Thread: Possibilities of PgSQL

Possibilities of PgSQL

From

Karel Břinda

Date:

22 August 2007, 18:08:28

Hi,

I have a question about PgSQL. I am working at some project and I want
to have few tables with special properties:

There would be many rows and these would be changed every day for many
times. I want to be able to get know how did the row looked in given
time (f.e. 2 day ago, 6 minutes ago, 2nd Sept. 2002,...). Nevertheless
it should work with diffs (f.e. if I had a row with 100MB string and I
changed only 2 chars it should not require on disk 200MB but only 100MB
+ few (kilo)Bytes).

Is there any possibility how to solve it? I have heard that I can do it
with triggers (but the worst thing is how to implement diffs) but I hope
that there is any other (easier) way.

Karel Břinda

Re: Possibilities of PgSQL

From

Shane Ambler

Date:

23 August 2007, 09:52:04

Karel Břinda wrote:
> Hi,
>
> I have a question about PgSQL. I am working at some project and I want
> to have few tables with special properties:
>
> There would be many rows and these would be changed every day for many
> times.

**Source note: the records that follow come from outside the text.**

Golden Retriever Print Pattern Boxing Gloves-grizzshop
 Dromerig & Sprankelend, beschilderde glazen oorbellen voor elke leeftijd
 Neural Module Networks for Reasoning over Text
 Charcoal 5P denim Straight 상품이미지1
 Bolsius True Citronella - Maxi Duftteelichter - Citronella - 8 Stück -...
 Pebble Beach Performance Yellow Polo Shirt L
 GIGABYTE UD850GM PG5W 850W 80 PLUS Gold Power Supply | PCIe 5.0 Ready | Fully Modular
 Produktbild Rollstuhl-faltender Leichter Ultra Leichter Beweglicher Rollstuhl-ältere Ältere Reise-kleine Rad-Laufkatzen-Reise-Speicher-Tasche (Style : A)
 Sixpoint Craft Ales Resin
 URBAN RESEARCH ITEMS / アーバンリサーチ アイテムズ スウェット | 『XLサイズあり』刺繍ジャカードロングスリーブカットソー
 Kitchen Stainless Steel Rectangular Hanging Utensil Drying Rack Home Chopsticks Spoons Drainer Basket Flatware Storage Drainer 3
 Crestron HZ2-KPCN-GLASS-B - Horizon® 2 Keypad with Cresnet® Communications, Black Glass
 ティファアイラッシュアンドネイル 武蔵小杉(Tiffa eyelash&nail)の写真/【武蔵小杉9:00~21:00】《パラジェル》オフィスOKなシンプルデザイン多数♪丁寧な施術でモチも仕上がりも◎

I want to be able to get know how did the row looked in given
> time (f.e. 2 day ago, 6 minutes ago, 2nd Sept. 2002,...). Nevertheless
> it should work with diffs (f.e. if I had a row with 100MB string and I
> changed only 2 chars it should not require on disk 200MB but only 100MB
> + few (kilo)Bytes).

100MB of text in each row?? is each row a copy of the english dictionary?

My thoughts are to have a table that records the changes, something
along the lines of a timestamp of the change with substring start and
end positions of the change with the before and after text that has
changed that can be used to 'replay' the changes.

When you want to rewind to a certain time you find all entries after the
given time and undo the changes to get back to where it was.

> Is there any possibility how to solve it? I have heard that I can do it
> with triggers (but the worst thing is how to implement diffs) but I hope
> that there is any other (easier) way.

Triggers are the most reliable way to implement this, I would think that
pl/perl may be the fastest way to implement it as a trigger.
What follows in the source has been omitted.